I'd like the line containing "Up to 30% Off" and every line below it, to the end of the material, repeated exactly and with nothing else.

- [Information provided]
§

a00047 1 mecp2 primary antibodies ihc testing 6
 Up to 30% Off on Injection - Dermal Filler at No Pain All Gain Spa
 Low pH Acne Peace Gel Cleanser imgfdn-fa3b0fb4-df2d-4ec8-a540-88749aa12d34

§

- [Written solution]
 Up to 30% Off on Injection - Dermal Filler at No Pain All Gain Spa
 Low pH Acne Peace Gel Cleanser imgfdn-fa3b0fb4-df2d-4ec8-a540-88749aa12d34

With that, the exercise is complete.